> _EXERCISE PROMPT_: An exact repetition of the data below, without images, is the expected answer.

DATA EXTRACT: Begin

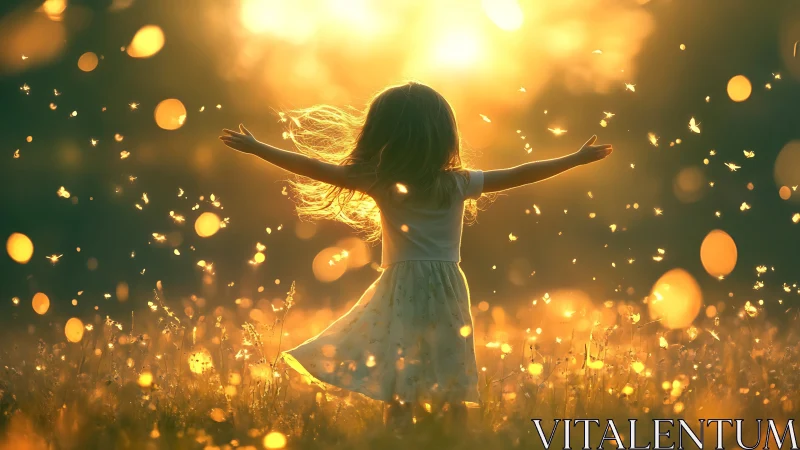 Sunlit meadow child dancing with golden drifting fireflies.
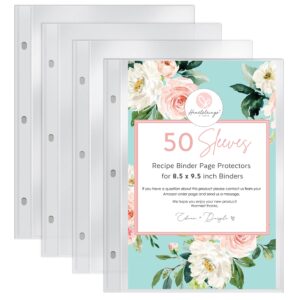recipe binder page protectors for 8.5 x 9.5 inch binders. holds 50 protective sleeves that hold 6.5" x 8.5" full recipe cards, heavyweight crystal clear plastic archival sleeves, heartstrings studio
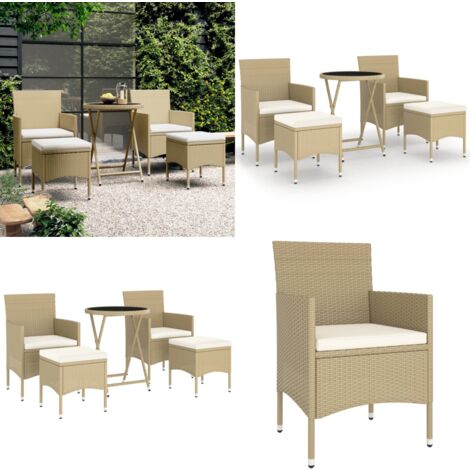 Ensemble De Bistro 3 Pcs | Salon De Jardin Beige Polypropylène Et Bois Massif Cfw31259 92259078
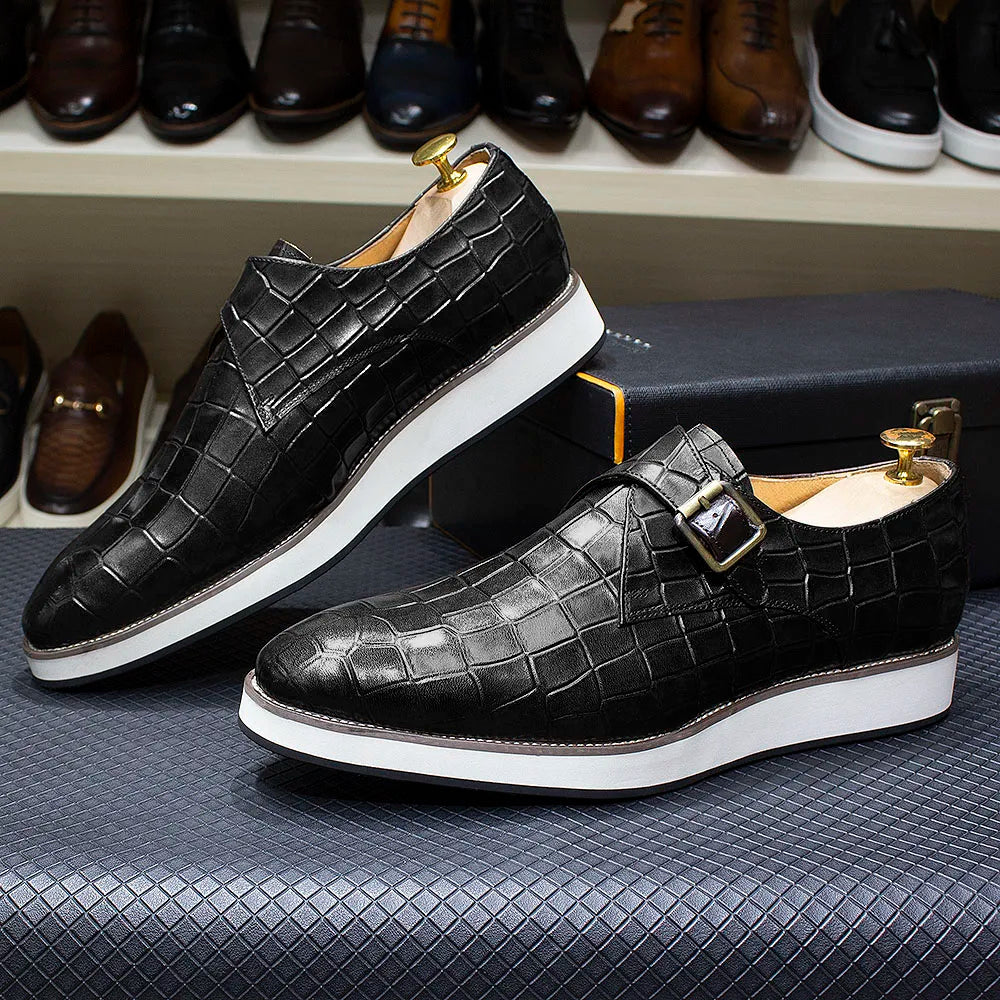 Men's Leather Casual Shoes Crocodile Pattern Luxury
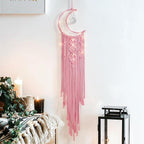 ANROYE Macrame Moon Dream Catcher for Girl, Pink Boho Crescent Dreamcatcher for Bedroom Adult, Handmade Kids Nursery Room Wall Hanging with Star Pendant for Teen, Bohemian Home Decoration Idea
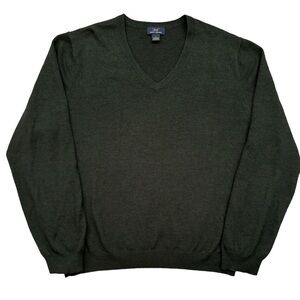 346 BROOKS BROTHERS Dark Green Full Sleeves Merino Wool Sweater in Large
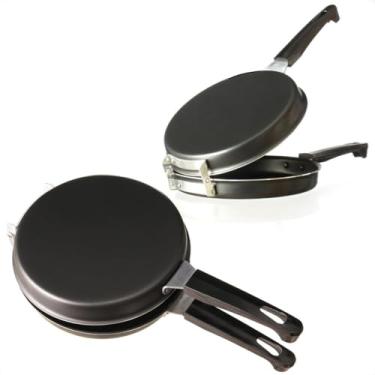 Imagem de Omeleteira Panquequeira Dupla 18cm Antiaderente – Cor Preta, Ideal para Ovos, Panquecas e Lanches Rápidos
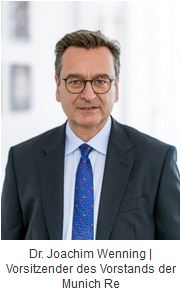 A portrait photo of Dr Joachim Wenning | Chairman of the Munich Re Board of Management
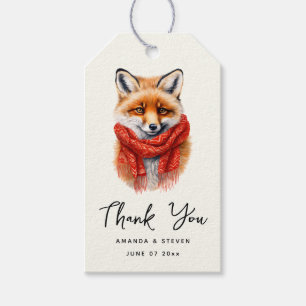 Étiquettes-cadeau Renard mignon avec une écharpe rouge Image d'autom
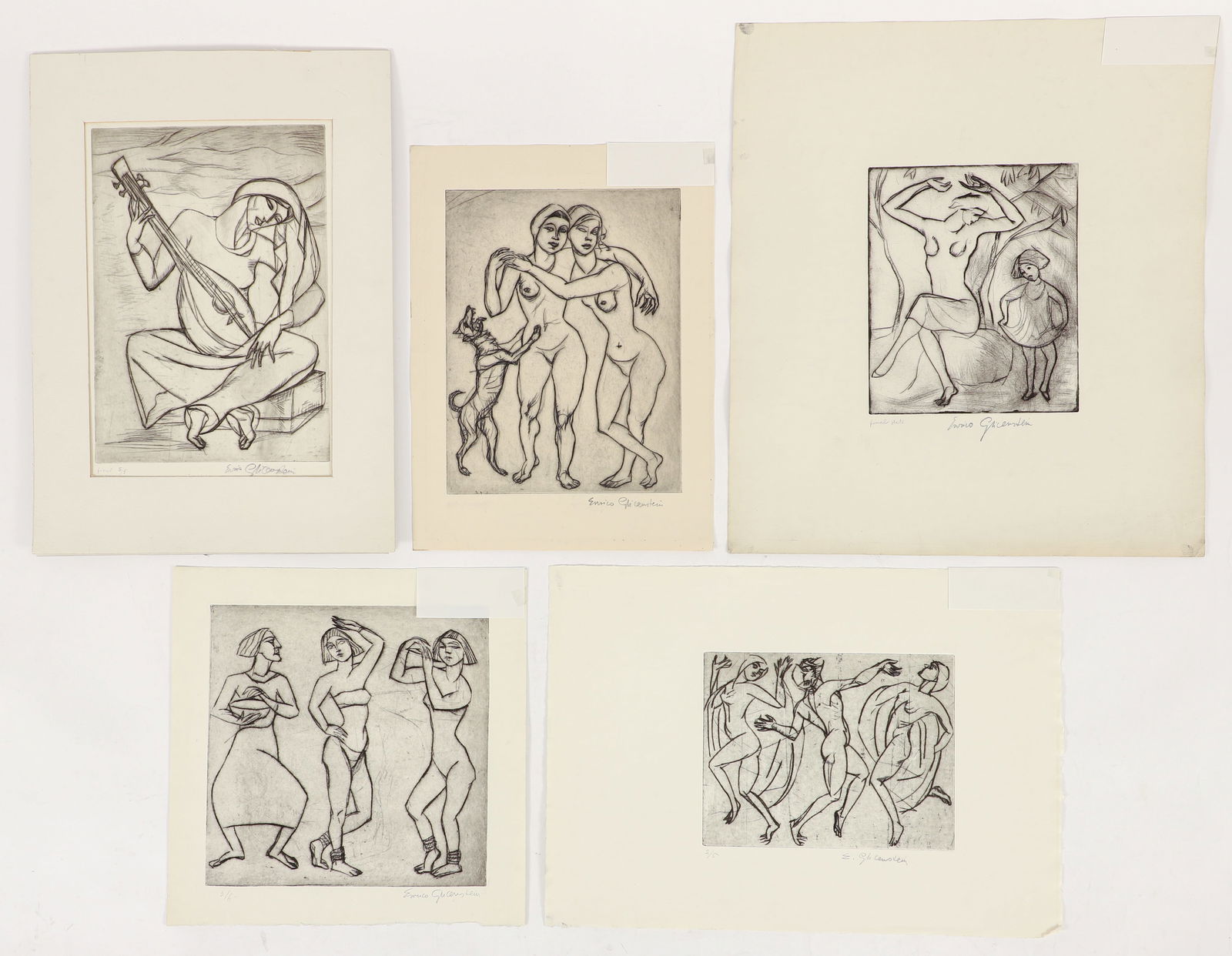 5 Enrico Glicenstein Etchings of Dancers and Musicians (1 of 5)
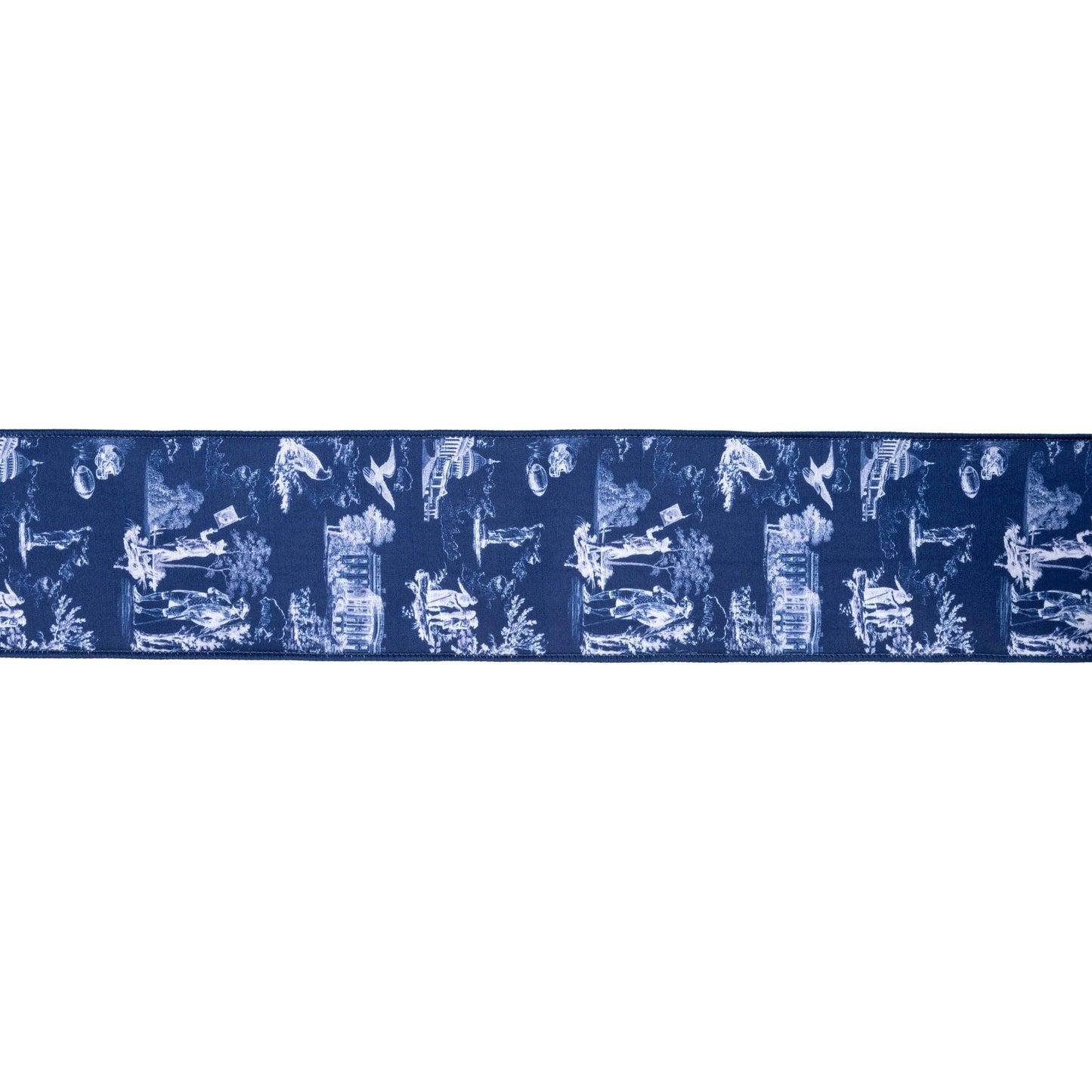 4" Wired Dupioni Ribbon | Patriotic Toile w/Blue Backing | 10 Yard Roll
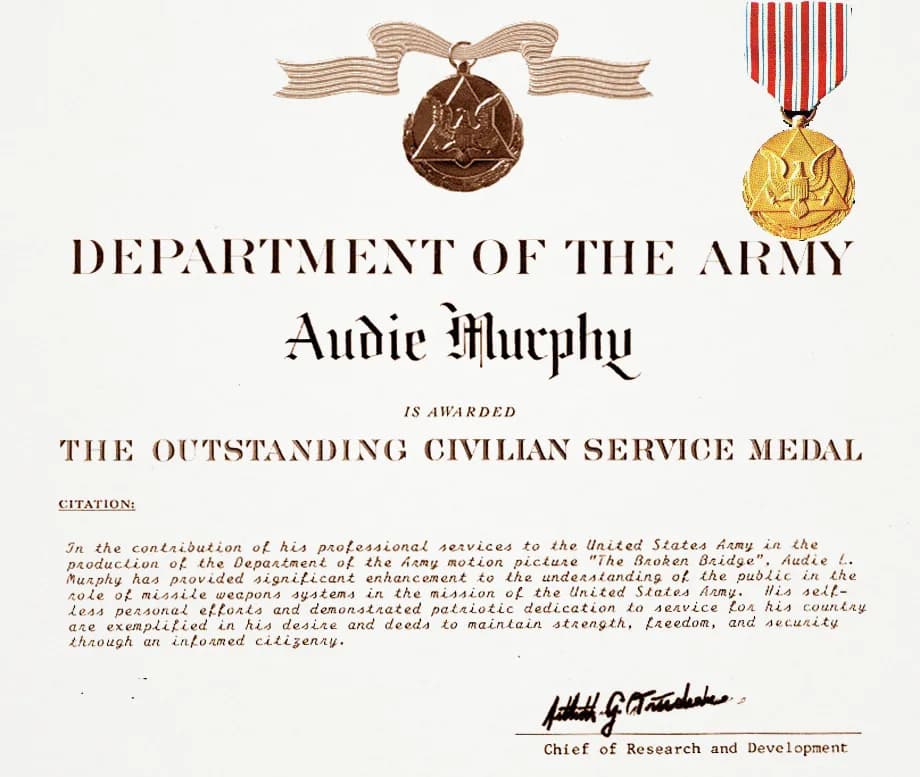 Audie Murphy - Award citation presented to Audie Murphy for the Department of the Army Outstanding Civilian Service Award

DATA EXTRACT: End

> _EXPECTED ANSWER_:
 Sunlit meadow child dancing with golden drifting fireflies.
recipe binder page protectors for 8.5 x 9.5 inch binders. holds 50 protective sleeves that hold 6.5" x 8.5" full recipe cards, heavyweight crystal clear plastic archival sleeves, heartstrings studio
 Ensemble De Bistro 3 Pcs | Salon De Jardin Beige Polypropylène Et Bois Massif Cfw31259 92259078
 Men's Leather Casual Shoes Crocodile Pattern Luxury
 ANROYE Macrame Moon Dream Catcher for Girl, Pink Boho Crescent Dreamcatcher for Bedroom Adult, Handmade Kids Nursery Room Wall Hanging with Star Pendant for Teen, Bohemian Home Decoration Idea
 346 BROOKS BROTHERS Dark Green Full Sleeves Merino Wool Sweater in Large
 Imagem de Omeleteira Panquequeira Dupla 18cm Antiaderente – Cor Preta, Ideal para Ovos, Panquecas e Lanches Rápidos
 A portrait photo of Dr Joachim Wenning | Chairman of the Munich Re Board of Management
 Étiquettes-cadeau Renard mignon avec une écharpe rouge Image d'autom
 5 Enrico Glicenstein Etchings of Dancers and Musicians (1 of 5)
 4" Wired Dupioni Ribbon | Patriotic Toile w/Blue Backing | 10 Yard Roll
 Audie Murphy - Award citation presented to Audie Murphy for the Department of the Army Outstanding Civilian Service Award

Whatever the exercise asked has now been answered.